3. The process of claim 2, wherein the carbon containing precursor comprises CO, methane, acetylene, ethane, ethylene, benzene, alkylbenzenes, alcohols and higher alkanes and cycloalkanes.

4. A process for producing a catalyst for use in synthesizing carbon nanofibers, comprising the following steps: a. providing a metal oxide; b. heating the metal oxide under 20% hydrogen gas to 450 degrees C.; c. holding the temperature for 30 minutes; d. exposing the catalyst to 5-40% CO for 30 minutes; e. allowing the catalyst to cool to approximately room temperature.

5. The process of claim 4, wherein the resulting catalyst is used to synthesize carbon fibers at 550-600 degrees C. for two hours.

6. The process of claim 4, wherein the metal oxide is one selected from a group comprising Fe, Ni, Co, Cu and Mo or mixture of these metal oxides.

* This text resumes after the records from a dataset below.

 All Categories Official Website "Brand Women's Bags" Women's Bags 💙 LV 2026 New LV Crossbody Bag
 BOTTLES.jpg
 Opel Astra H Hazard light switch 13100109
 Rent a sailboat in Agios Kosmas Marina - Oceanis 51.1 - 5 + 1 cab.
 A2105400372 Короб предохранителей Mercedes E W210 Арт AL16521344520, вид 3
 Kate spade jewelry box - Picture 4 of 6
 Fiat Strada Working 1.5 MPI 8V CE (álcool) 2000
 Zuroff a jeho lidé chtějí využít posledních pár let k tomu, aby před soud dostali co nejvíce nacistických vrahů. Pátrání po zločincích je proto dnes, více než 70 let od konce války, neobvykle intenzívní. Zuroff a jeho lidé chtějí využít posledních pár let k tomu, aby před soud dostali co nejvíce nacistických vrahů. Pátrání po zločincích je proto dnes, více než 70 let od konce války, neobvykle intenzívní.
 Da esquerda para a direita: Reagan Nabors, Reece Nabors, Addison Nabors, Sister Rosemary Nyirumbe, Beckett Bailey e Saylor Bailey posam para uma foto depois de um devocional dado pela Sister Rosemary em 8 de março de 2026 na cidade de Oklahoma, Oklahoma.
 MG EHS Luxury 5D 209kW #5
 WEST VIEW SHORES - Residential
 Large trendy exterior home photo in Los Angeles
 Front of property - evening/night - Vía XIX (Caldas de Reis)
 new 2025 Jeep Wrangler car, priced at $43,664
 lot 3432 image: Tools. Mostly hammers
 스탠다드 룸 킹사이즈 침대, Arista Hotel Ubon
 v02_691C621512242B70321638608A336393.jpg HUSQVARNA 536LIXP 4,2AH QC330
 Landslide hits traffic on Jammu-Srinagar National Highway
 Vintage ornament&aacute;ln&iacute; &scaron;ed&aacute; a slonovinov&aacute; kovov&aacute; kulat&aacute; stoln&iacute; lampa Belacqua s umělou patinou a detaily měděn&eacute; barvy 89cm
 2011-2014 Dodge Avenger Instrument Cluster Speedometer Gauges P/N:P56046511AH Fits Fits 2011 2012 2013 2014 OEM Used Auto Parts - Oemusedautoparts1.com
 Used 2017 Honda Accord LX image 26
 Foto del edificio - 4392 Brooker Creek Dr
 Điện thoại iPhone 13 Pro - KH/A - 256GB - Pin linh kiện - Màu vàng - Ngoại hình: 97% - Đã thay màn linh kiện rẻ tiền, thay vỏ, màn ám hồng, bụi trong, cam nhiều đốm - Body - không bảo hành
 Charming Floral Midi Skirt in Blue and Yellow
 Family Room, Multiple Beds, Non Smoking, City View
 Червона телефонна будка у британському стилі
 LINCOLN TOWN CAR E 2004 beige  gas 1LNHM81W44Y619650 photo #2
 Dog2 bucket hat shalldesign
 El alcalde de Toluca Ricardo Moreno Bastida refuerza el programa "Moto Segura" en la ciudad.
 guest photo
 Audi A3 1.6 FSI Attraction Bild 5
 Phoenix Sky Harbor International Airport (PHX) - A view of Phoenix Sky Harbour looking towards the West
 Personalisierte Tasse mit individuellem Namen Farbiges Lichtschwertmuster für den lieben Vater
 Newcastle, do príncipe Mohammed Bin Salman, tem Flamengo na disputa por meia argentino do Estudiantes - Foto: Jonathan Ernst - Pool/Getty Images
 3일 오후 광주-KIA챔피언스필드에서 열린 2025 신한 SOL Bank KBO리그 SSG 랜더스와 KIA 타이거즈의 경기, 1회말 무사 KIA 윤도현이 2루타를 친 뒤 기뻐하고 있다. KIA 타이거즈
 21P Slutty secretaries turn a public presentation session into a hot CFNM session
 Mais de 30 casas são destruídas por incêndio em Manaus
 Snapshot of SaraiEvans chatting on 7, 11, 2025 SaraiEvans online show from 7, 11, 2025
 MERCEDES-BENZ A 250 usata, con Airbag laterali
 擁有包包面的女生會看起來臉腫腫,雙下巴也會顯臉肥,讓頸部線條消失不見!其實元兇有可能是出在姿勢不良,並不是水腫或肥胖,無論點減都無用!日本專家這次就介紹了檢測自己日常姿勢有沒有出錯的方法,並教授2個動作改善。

7. The process of claim 4, wherein the catalyst is heated to the 450 degrees C. at 5 degrees C./min.

8. The process of claim 4, wherein the catalyst is produced for use in synthesizing carbon nano-fibers.

9. The process of claim 4, wherein the process takes place in a vertical quartz reactor.

10. A process for producing a catalyst for use in synthesizing carbon nanofibers, which produces higher yields, higher reactivity, and preserves the structure of the catalyst, comprising the following steps of heating a metal oxide in around 20% Hydrogen gas to 450 degrees C.; exposing the catalyst to CO gas for around 30 minutes prior to its use in the synthesizing process.

11. A process for continuously producing a catalyst for use in synthesizing carbon nano-fiber materials, which produces higher yields, higher reactivity, and preserves the structure of the catalyst, comprising the following steps: a. heating a metal oxide in around 20% Hydrogen gas to 450 degrees C. in a reactor; b. exposing the catalyst to CO gas for around 30 minutes; c. discharging the catalyst from the reactor and providing a new batch of metal oxide for production of more cataylst.

12. The process of claim 10, wherein the metal oxide is one selected from a group comprising Fe, Ni, Co, Cu, Mo or mixture of these metal oxides.

13. The process of claim 11, wherein the metal oxide is one selected from a group comprising Fe, Ni, Co, Cu, Mo or mixture of these metal oxides.